Recommended from Around the Web (Week Ending March 14, 2015)
Exit Interview: Mathew Ingram
Mathew Ingram, the media critic of GigaOm, does his exit interview with the Columbia Journalism Review after GigaOm suddenly folds.
—Jason Pontin, editor in chief and publisher
Finding Out What the Past Smelled Like
An archaeologist has created a multisensory augmented-reality system to bring prehistoric settlements to life.
—Linda Lowenthal, copy chief
Venture Capital Has a Self-Dealing Problem
It’s surprisingly common – and ethically questionable – for venture funds to invest in their own partners’ side businesses
—Nanette Byrnes, senior editor, Business Reports
Disney’s $1 Billion Bet on a Magical Wristband
Disney World uses technology to reduce friction in its self-contained paradise. Could something like it work in the real world?
—Brian Bergstein, deputy editor
Exclusive: IBM Looking at Adopting Bitcoin Technology for Major Currencies
A “source familiar with the matter” tells Reuters that IBM is adopting something like Bitcoin’s blockchain to create a digital system for exchanging major currencies.

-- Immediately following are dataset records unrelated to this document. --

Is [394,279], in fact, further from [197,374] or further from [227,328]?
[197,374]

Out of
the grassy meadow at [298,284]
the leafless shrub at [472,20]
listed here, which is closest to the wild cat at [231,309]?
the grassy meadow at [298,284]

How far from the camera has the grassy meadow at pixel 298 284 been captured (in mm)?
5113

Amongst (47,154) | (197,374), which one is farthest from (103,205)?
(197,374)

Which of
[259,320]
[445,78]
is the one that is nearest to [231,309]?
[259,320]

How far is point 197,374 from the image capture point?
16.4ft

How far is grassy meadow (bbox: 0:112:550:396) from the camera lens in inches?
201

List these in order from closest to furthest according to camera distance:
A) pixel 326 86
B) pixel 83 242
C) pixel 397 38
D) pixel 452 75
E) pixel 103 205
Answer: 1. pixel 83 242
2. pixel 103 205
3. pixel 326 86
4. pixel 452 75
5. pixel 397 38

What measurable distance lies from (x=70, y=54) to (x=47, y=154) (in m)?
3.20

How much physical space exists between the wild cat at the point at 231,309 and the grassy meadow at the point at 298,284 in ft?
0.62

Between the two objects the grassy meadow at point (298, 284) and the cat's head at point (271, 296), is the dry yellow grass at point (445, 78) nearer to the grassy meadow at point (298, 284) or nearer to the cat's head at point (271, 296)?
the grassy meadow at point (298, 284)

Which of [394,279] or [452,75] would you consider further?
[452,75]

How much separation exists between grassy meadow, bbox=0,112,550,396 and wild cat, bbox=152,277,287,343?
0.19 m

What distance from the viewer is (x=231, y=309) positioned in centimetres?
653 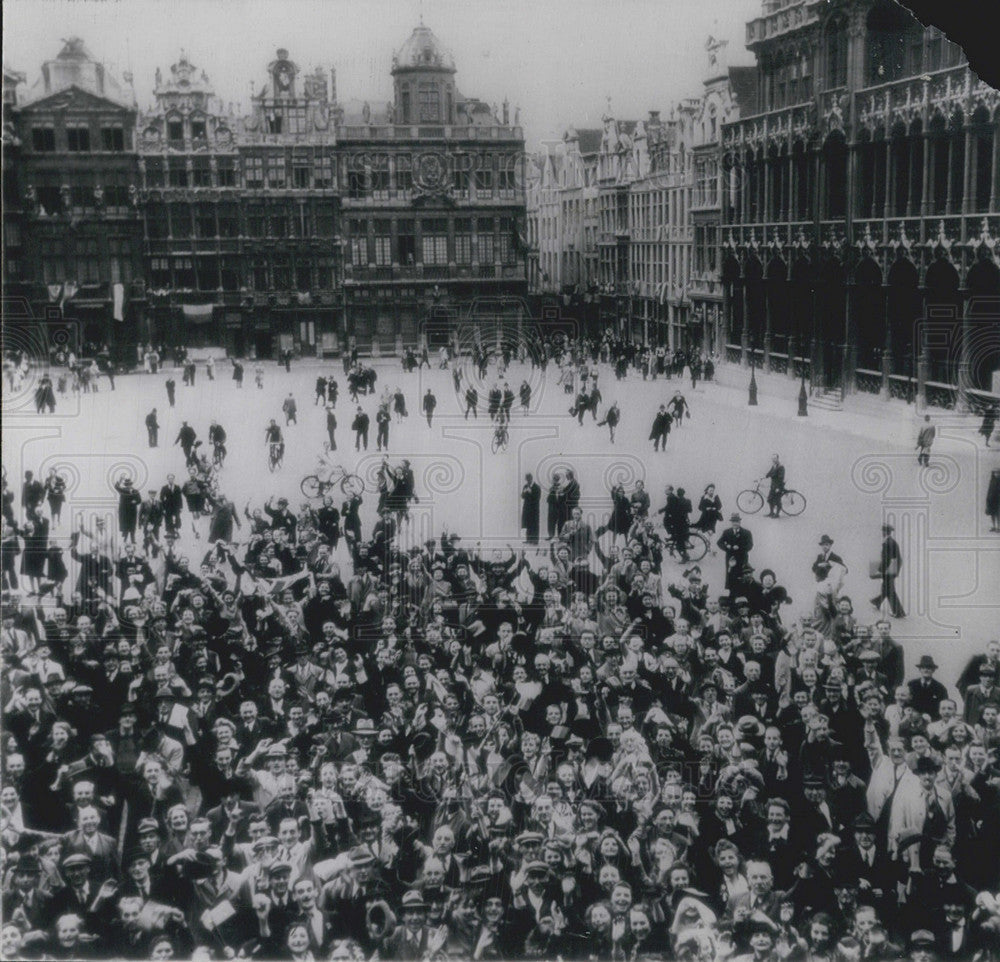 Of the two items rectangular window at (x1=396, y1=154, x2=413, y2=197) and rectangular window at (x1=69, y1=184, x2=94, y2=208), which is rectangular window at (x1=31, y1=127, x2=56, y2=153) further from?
rectangular window at (x1=396, y1=154, x2=413, y2=197)

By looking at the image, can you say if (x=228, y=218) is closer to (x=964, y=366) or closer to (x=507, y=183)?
(x=507, y=183)

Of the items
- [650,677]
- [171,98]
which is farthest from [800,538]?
[171,98]

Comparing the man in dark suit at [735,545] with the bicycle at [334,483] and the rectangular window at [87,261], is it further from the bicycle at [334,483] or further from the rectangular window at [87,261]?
the rectangular window at [87,261]

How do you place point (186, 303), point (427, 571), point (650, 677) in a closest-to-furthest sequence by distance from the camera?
point (650, 677) → point (427, 571) → point (186, 303)

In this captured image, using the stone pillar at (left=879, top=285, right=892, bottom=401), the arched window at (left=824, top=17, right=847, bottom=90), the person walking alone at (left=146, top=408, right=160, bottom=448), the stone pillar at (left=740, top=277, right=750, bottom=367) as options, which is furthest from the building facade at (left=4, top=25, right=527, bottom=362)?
the stone pillar at (left=879, top=285, right=892, bottom=401)

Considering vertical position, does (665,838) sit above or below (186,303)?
below

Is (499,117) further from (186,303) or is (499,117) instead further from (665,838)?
(665,838)

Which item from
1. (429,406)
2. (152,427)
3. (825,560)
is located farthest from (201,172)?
(825,560) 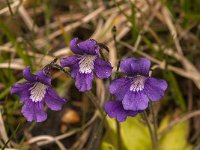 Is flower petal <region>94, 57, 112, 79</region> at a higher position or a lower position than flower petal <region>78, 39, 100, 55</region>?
lower

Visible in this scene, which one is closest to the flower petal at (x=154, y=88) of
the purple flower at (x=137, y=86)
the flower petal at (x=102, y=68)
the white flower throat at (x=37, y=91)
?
the purple flower at (x=137, y=86)

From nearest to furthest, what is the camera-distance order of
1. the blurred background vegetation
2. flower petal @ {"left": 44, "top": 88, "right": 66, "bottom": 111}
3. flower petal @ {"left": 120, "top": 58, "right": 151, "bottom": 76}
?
1. flower petal @ {"left": 120, "top": 58, "right": 151, "bottom": 76}
2. flower petal @ {"left": 44, "top": 88, "right": 66, "bottom": 111}
3. the blurred background vegetation

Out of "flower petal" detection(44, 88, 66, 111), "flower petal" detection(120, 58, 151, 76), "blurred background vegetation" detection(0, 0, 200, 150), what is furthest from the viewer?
"blurred background vegetation" detection(0, 0, 200, 150)

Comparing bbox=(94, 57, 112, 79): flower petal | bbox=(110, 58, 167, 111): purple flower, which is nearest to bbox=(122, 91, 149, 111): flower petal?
bbox=(110, 58, 167, 111): purple flower

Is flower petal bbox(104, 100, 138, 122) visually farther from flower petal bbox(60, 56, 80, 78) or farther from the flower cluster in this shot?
flower petal bbox(60, 56, 80, 78)

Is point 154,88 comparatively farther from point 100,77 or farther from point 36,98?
point 36,98

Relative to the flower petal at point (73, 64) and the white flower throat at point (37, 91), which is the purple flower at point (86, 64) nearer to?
the flower petal at point (73, 64)

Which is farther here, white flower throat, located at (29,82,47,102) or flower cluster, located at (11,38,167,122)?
white flower throat, located at (29,82,47,102) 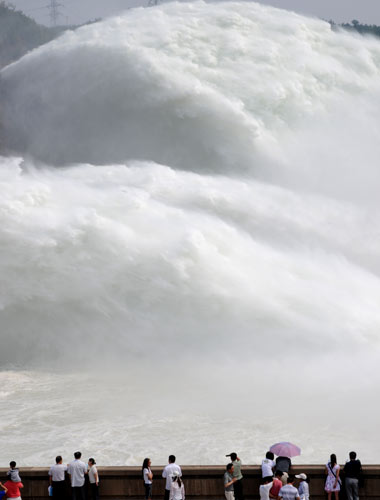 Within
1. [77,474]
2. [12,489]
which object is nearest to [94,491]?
[77,474]

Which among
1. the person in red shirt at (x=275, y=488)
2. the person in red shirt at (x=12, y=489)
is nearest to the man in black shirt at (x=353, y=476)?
the person in red shirt at (x=275, y=488)

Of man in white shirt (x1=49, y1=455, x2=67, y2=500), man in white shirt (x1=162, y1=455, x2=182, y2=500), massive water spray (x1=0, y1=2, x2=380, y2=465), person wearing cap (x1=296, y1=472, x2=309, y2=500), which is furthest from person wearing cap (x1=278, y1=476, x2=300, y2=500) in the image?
massive water spray (x1=0, y1=2, x2=380, y2=465)

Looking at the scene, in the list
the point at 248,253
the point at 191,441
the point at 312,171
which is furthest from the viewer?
the point at 312,171

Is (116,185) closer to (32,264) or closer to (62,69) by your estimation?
(32,264)

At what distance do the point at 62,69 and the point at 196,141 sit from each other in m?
8.03

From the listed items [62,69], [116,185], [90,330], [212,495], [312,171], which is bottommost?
[212,495]

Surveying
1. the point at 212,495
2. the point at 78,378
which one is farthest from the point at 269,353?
the point at 212,495

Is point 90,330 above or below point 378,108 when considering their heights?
below

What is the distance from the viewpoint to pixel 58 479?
38.2ft

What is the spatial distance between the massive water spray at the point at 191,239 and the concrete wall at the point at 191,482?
315 cm

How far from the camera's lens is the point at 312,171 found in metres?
34.4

—Mike Orcutt, research editor
Philip K. Dick Was Right: We Are Becoming Androids
An interesting essay about our relationship with technology.
—Will Knight, news and analysis editor
A Glimpse at How the Apple Watch is Made
A product designer finds clues to Apple’s manufacturing methods in a recent promotional video.
—Will Knight
Fatal Encounters
This ambitious crowdsourcing project seeks to build a searchable and comprehensive database of people killed by law enforcement officers. The interactive can filter deaths by race, year, and cause.
—Kyanna Sutton, senior Web producer
Finger-Mounted Reading Device for the Blind
MIT has developed a device that guides a blind user’s finger along a line of text and reads the words aloud.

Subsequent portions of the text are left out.